Novak Djokovic isn’t the only high-profile athlete who has expressed vaccination skepticism—here are five others
Novak Djokovic is battling the Australian authorities over permitting him into the country due to failing to meet their stringent entry rules regarding COVID-19 but he is not the only high-profile athlete to have been skeptical about the vaccine.
AFP Sport picks out five others:
The Green Bay Packers legend and Super Bowl winning quarterback has been a leading voice against vaccination.
The 38-year-old has cast himself in the role of a victim of a “woke mob” and “cancel culture” following criticism when he tested positive.
Prior to that he had said he was “immunized” having sought alternative treatment. Rodgers claimed two of the vaccines contained an unspecified ingredient he was allergic to and refused to take the other after hearing of “multiple people” complaining of “adverse events.”
Rodgers counted the cost of his stance and his attack on those criticizing him when an American healthcare company cut ties with him last November, having taken a dim view of his remarks.
Rodgers got a mild dose of coronavirus and still refused to be vaccinated but German midfielder Kimmich was not so fortunate when he contracted it in late November.

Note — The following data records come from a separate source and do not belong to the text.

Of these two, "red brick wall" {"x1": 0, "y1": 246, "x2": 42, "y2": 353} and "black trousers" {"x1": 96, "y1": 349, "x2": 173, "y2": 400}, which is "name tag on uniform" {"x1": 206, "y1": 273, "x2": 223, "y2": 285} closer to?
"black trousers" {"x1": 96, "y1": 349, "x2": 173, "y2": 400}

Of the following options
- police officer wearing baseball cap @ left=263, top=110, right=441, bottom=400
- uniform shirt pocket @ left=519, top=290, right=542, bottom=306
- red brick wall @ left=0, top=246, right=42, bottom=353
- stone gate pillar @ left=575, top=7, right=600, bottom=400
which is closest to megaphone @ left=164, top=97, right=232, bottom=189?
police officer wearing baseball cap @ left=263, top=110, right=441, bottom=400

The 26-year-old Bayern Munich star suffered lung damage that ruled him out of action till January. He had sparked fury when he revealed in October he was against being vaccinated due to “fears and concerns.”

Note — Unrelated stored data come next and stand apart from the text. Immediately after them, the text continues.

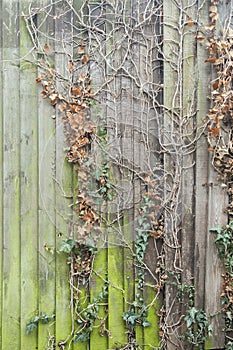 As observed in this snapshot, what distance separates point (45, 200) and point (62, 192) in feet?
0.39

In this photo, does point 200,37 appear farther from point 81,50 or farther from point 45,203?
point 45,203

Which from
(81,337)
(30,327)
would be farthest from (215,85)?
(30,327)

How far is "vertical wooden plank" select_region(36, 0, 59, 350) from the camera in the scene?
319cm

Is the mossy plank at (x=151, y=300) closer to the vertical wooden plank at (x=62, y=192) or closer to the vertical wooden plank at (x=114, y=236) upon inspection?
the vertical wooden plank at (x=114, y=236)

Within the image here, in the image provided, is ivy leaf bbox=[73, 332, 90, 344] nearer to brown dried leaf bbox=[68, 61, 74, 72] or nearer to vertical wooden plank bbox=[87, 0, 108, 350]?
vertical wooden plank bbox=[87, 0, 108, 350]

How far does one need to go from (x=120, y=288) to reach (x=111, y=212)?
502mm

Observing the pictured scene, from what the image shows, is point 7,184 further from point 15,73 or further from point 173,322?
point 173,322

“I thought I could protect myself from the virus if I stuck to all the rules and tested regularly,” he said.
Stranger still was that in 2020 he and teammate Leon Goretzka founded the initiative “We kick Corona” by donating money to support vaccination campaigns and charitable projects.
He has, however, finally booked a vaccination appointment, admitting “it would have been better to do it earlier.”

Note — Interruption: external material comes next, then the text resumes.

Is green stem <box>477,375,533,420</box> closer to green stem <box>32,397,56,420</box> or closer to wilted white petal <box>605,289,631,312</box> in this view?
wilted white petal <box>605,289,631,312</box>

The 28-year-old golfer revealed he had lost 10 lbs (4.5 kilos) due to the virus. However, he insisted that experiencing it had made him no more enthusiastic to be vaccinated.
“The vaccine doesn’t necessarily prevent it from happening,” he told American media in August.
“I’m young enough, I’d rather give it (the vaccine) to people who need it. I don’t need it. I’m a healthy, young individual that will continue to work on my health.”
Dechambeau—both of whose parents have been vaccinated—said he would contemplate doing so if he felt the vaccine met his standards.
The Brooklyn Nets NBA star has been welcomed back into the fold after spending the first two months of the season sidelined due to his refusal to be vaccinated.
The 29-year-old point guard said his much criticized decision was not because he was anti-vaccination, it was simply a personal choice.
“I am doing what’s best for me,” he said in October. “I know the consequences here, and if it means that I’m judged and demonized for that, that’s just what it is, that’s the role I play.”
Even with his return, Irving—who won the NBA title with the Cleveland Cavaliers in 2016—can only play a role on the road because, as long as he remains unvaccinated, he cannot play home games due to New York’s vaccine mandates.
While Djokovic and his lawyers battle the Australian system, fellow tennis player Sandgren did not even try for a medical exemption.
The 30-year-old American, who posseses two Australian Open quarterfinal spots compared to the nine singles titles of Djokovic, said he did not meet the conditions required to secure one.
“I have not quite the same pull,” Sandgren noted dryly prior to Djokovic’s standoff at the airport in Melbourne. However, once Djokovic was held up, he was scathing of the Australian stance.
“Just to be crystal clear here,” he tweeted. “Two separate medical boards approved his exemption. And politicians are stopping it. Australia doesn’t deserve to host a grand slam.”